To share boundary-spanning practices YOUR organization has used please visit the book review at AvoLead's blog: [...]
In their thinking boundaries are not limits to constrain us but are in fact new frontiers where the most advanced, breakthrough thinking resides. Therefore, the authors present a model that they call the "Boundary Spanning Leadership Model" which has six practices that inspire what is termed as the "Nexus Effect." The Nexus effect is defined as the limitless possibilities and inspiring results that groups can realize together above and beyond what they can achieve on their own. It is in this context that the forces that are pressing us today are challenging leaders to have the courage to see the world other than flat. This student will attempt to summarize three overarching core concepts that are keys to successfully implementing this model:
* First, leaders must completely surrender their "flat world thinking" as it relates to organizational transformation. Flat world thinking with all of its organizational charts based on hierarchical systems do not bridge the gaps that are necessary to have a greater breadth of implementing mission. To mix these two models is to only frustrate those in the organization as well as to continue to divide people and groups. Flat world thinking is so focused on the leader or leaders that it does not create an environment that would allow people from their own strong sense of personal identity are collaborative with others to implement solutions or strategy. The author's list five boundaries that must be bridged which unlike viewing the world as flat that offers only "one-dimensional" expertise to come to the table to generate new organizational solutions. Instead, they offer to seek to harness "multi-dimensional" expertise at the juncture between groups.

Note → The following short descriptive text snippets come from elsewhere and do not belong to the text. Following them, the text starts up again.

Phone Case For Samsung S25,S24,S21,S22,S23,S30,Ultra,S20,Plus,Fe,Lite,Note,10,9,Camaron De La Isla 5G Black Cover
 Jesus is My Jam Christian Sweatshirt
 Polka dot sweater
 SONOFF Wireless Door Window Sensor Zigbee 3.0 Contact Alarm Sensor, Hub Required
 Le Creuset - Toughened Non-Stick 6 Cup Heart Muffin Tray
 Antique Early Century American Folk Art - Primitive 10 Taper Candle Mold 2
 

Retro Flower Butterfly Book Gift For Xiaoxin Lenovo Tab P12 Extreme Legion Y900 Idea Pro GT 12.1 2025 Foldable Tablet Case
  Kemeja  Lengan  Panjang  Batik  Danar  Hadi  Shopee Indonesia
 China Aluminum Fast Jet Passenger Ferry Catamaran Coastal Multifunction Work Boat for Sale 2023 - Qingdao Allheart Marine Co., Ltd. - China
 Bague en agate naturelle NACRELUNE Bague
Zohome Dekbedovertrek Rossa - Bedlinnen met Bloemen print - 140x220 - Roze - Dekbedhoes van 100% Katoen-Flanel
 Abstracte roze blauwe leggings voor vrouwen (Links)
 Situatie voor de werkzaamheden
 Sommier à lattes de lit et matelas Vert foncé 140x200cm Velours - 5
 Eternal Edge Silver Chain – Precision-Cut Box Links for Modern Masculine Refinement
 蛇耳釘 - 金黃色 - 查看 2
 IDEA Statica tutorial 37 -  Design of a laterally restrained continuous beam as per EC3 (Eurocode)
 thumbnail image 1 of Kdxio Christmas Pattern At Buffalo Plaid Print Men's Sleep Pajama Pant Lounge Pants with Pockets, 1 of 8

* Second, leaders cannot minimize the human element in inspiring people to a common goal. That which often times resists productive transformation of organizations is the focus on the technological elements of organizational systems and not enough focus or importance given to the connection of groups and people that within the atmosphere of safety are empowered to keep their own unique identity. This new skill set demands that leaders must "lead from the middle" rather than the "flat world" understanding of leading groups and people to a common goal. The necessary element is "inter-group trust" which the authors define as: a state of mutual confidence and integrity that develops when boundaries are suspended and new relationships are built . All of this impacts the connectedness of people as well as empowers them to attain the common goal in the context of mutual respect.
* Third, effective leaders who are practicing "Boundary Spanning Leadership" are able to glean from a combination of ideas from the fields of social psychology and organizational development in which the practice of transforming seeks to bring together different people (the who) using different approaches (the how) to cross-cut boundaries of identity and enable inter-group reinvention. Because of the dual-disciplined nature of this model transformation is more about creating an environment where existing identities and perspectives are open to inquiry, discovery and change rather than implementation of tactics.
This book was a fabulous read and I enjoyed the vocabulary that the authors introduced that assisted me in contextualizing the nature of this model. I enjoyed this book so much that I have introduced to several of my friends who are now reading this book with some of their key staff members.